On 2 June 2022 the Court of Appeal handed down its judgment on the Competition Commission’s (“Commission“) appeal against pecuniary penalties imposed by the Competition Tribunal (“Tribunal“) against certain respondents.

One of the issues raised on appeal was whether the Tribunal erred discounting the pecuniary penalties imposed on certain respondents that did not directly engage in anti-competitive conduct. The respondents in question were construction and engineering contractor companies that had subcontracted the works on two public housing estates and let their Housing Authority licences to subcontractors who in turn were found to have entered into price-fixing and market sharing agreements in breach of the First Conduct Rule of the Competition Ordinance (Cap. 619) (“Ordinance“).

At first instance the Tribunal discounted the pecuniary penalties imposed on these respondents by one-third on the grounds that:

  1. the pecuniary penalty was sought only against the respondents and not the respondents together with their subcontractors;
  2. it would not be right or safe to assume that the respondents would be able to recoup all or part of the pecuniary penalty imposed from their subcontractors; and
  3. the pecuniary penalty imposed should reflect the role of the respondents as only part of their respective undertakings.

The Commission sought to set aside this discount on the basis that the Tribunal had erred on principle and taken irrelevant factors into account (or had failed to take account of relevant factors). The Commission contended that the pecuniary penalty must be specific to the undertaking and the undertaking’s contravention of the Ordinance, not to the natural or legal persons constituting the undertaking and/or their role within the undertaking.  Rather, each respondent along with their respective subcontractors formed a single economic unit or undertaking, and each undertaking as a whole infringed the First Conduct Rule.

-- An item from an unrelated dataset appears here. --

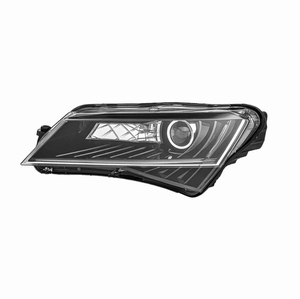 Sistema di Illuminazione Fari a LED Gruppo Ottico Anteriore Ricambi Auto Adatto per <span class=keywords><strong>Skoda</strong></span> <span class=keywords><strong>2015</strong></span> <span class=keywords><strong>Superb</strong></span> 3V1941017A 3V1941018A - Product Image 2
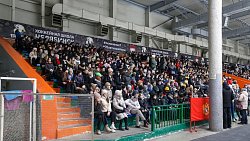 В Челябинске завершился юношеский хоккейный турнир «Золотая шайба»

The Court of Appeal held that it would be wrong in principle to reduce the penalty to reflect the extent of the respondents’ role as part of the undertaking. Where an undertaking contravenes the Ordinance, it is for the undertaking to answer for that infringement, and in this case the respondents and their subcontractors were to be jointly and severally liable for the infringement. Joint and several liability follows when an undertaking constituted by a number of natural and legal entities engage in anti-competitive conduct and facilitates the effective enforcement of the Ordinance. The Court of Appeal accepted that it would be highly onerous for the Commission to name all the entities within an undertaking in enforcement proceedings before the Tribunal in order to avoid any discount to the penalty.

The Court of Appeal allowed the Commission’s appeal, setting aside the one-third reduction and restoring the amount of pecuniary penalties to be paid by the respondents in full.